How do these pixels look like?

Just try to imagine a chessboard:

alt

Just like the black and white squares on the chessboard, pixels are nicely aligned in straight lines, both horizontally and vertically. We will refer to the horizontal ones as rows and to the vertical ones as columns. It is easy to see that a chessboard has 8 rows and 8 columns.

But can you guess how many rows and columns of pixels this image has?

alt

To find this out using Python and OpenCV:

1) Save the image in the folder where you wish to run your Python code.
2) Import OpenCV library in your Python interpreter or .py file (if you are not familiar with running Python code, just look it up, it should be pretty easy).

import cv2

3) Load the image in memory (we will refer to this operation as reading an image).

image = cv2.imread('<replace_with_image_name>.jpg')

4) Print the image dimensions.

print image.shape

The program should print (232, 223, 3). The first two numbers are the number of rows and number of columns. So, 232 x 223 = 51736 pixels in total. For now, don’t worry about the third number, it represents the number of colors or, more formally, the number of color channels. We will talk about it in the last section.

Identifying pixels

Now that you know how to find the number of pixels in an image, how do you differentiate between them?

First of all through their address. In real life we use street names, house numbers, city, country etc. Pixels could also be seen as having a street name and a house number.

Street Name = How many rows are there upwards of the pixel?
House Number = How many columns are there to the left of the pixel?

A pixel location is formally defined as a pair (row, column), both indexed from 0 (their numbering starts from 0, instead of 1). See if you can guess the location of the red, green and blue pixels on the following grid.

alt

The right answers are:
Red pixel at (3,5)
Green pixel at (13,8)
Blue pixel at (10,21)

In Python, for accessing a pixel at location (row, column), we would have to specify the image that we are referring to, and the row and column in square brackets. For example, the pixel in the center of the image would be accessed as follows:

import cv2

image = cv2.imread('<replace_with_image_name>.jpg')
no_rows = image.shape[0]
no_cols = image.shape[1]

# Remember that image.shape returns (no_rows, no_cols, no_channels)
# [0] fetches the first number in brackets, [1] - the second one and so on

row = no_rows/2
col = no_cols/2
print image[row, col]

If you run this on the image with Spiderman, the script should print [ 63 75 141].

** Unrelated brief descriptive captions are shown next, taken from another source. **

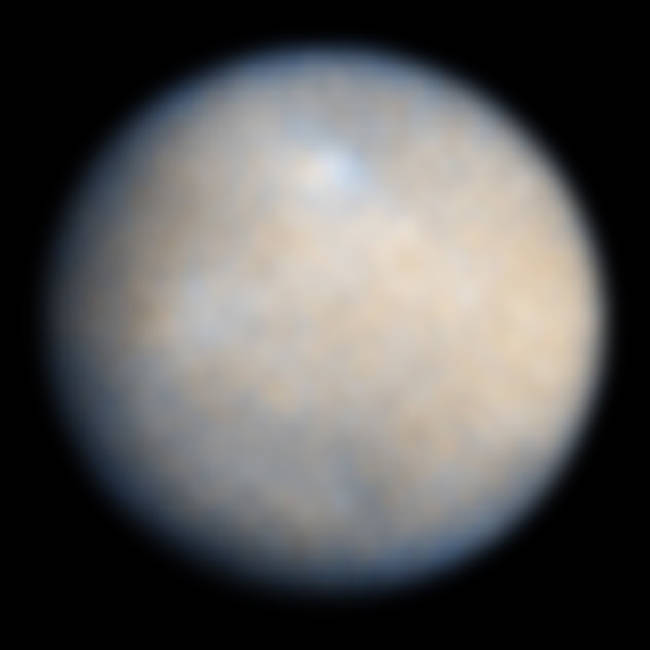 Watery Plumes on Ceres. Ceres, a dwarf planet, was seen shooting watery plumes this year. This is something that is thought to happen when it gets close enough to the sun that its ice is sublimated. Despite being much smaller than Earth, Ceres is thought to have even more fresh water on it.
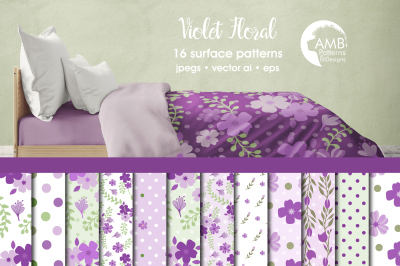 Violet Floral Surface Patterns, Purple Papers, AMB-856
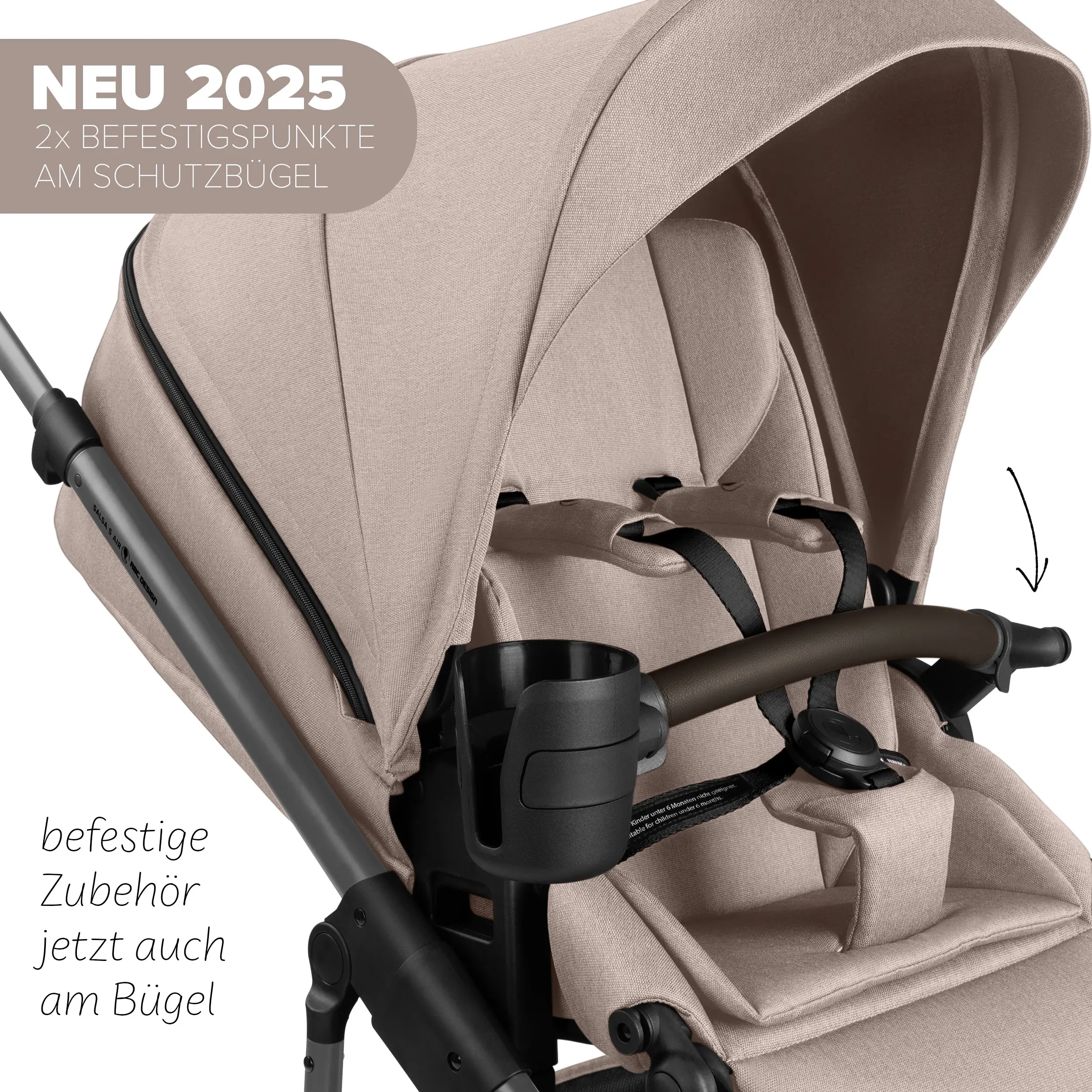 Kombi-Kinderwagen Salsa 5 Air inkl. Wickeltasche, Sonnenschirm, Regenschutz, Becherhalter - Camel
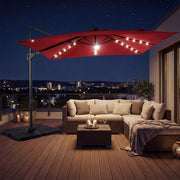 Costway - 10 FT Cantilever Patio Umbrella with 32 Solar LED Lights and 220 LBS Base-Red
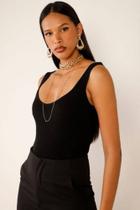 Body tricot canelado preto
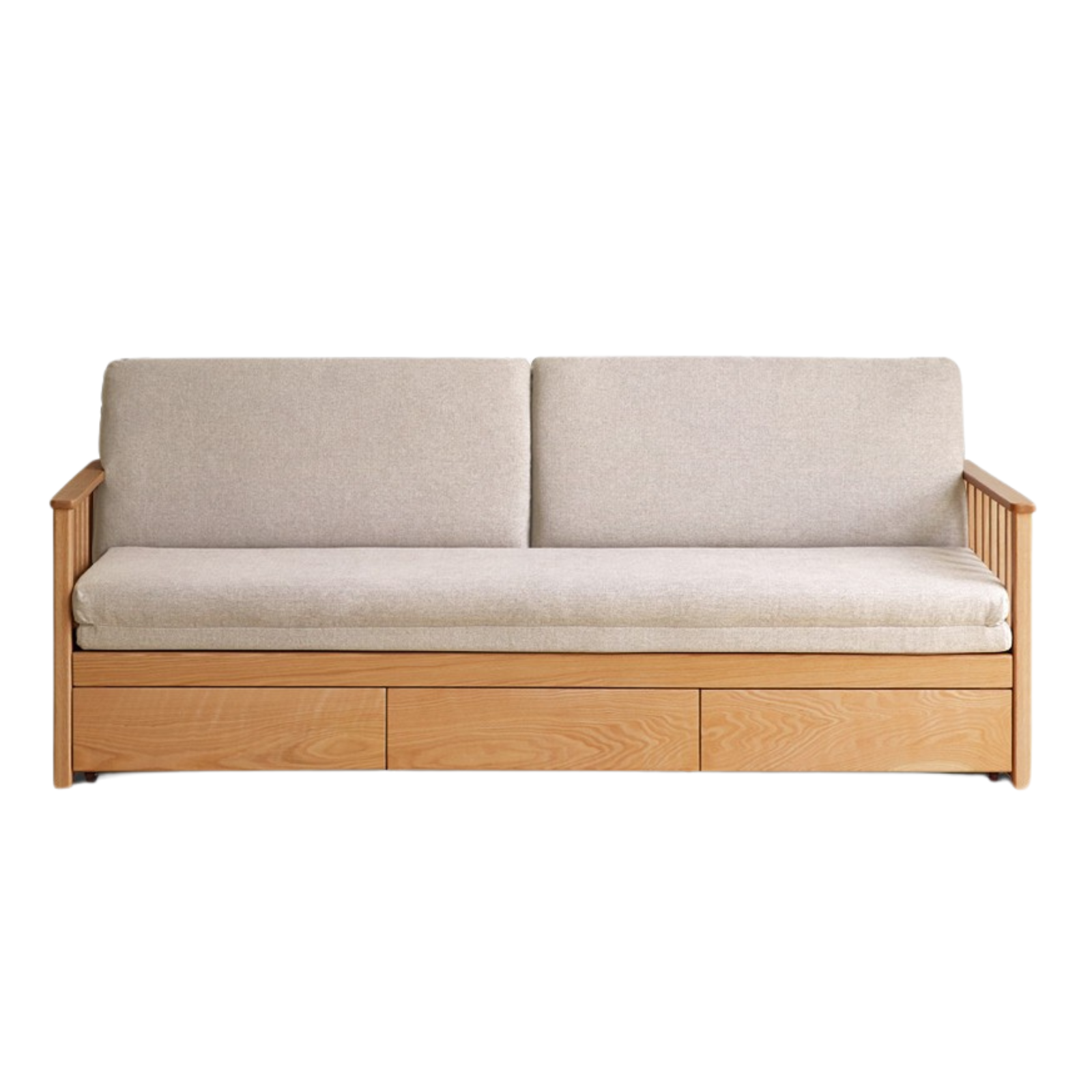 Solid Oak Wood Storage Sofa Bed - Convertible Sitting & Sleeping Furniture for Small Spaces, Living Room, Guest Room & Apartments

What color do you expect it to have?

We can visualize the subimage that contains this only one pixel. Generally, if you want to crop a rectangular portionwith top-left pixel at (start_row, start_col) and bottom-right pixel at (end_row, end_col), you would use:

sub_image = image[start_row:end_row + 1, start_col:end_col + 1]

and for our particular case:

pixel_image = image[row:row+1, col:col+1]

Because this is just a single-pixel image, it is more difficult to visualize, so I recommend resizing the image before displaying it. This can be done as follows:

desired_no_rows = 100
desired_no_cols = 100
pixel_image = cv2.resize(pixel_image, (desired_no_cols, desired_no_rows))

Now, if you just want to display the image obtained, there is the cv2.imshow(window_name, image) function, which is perfect especially for debugging, when you change an image a number of times and you want to make sure that you are doing the right thing after each step.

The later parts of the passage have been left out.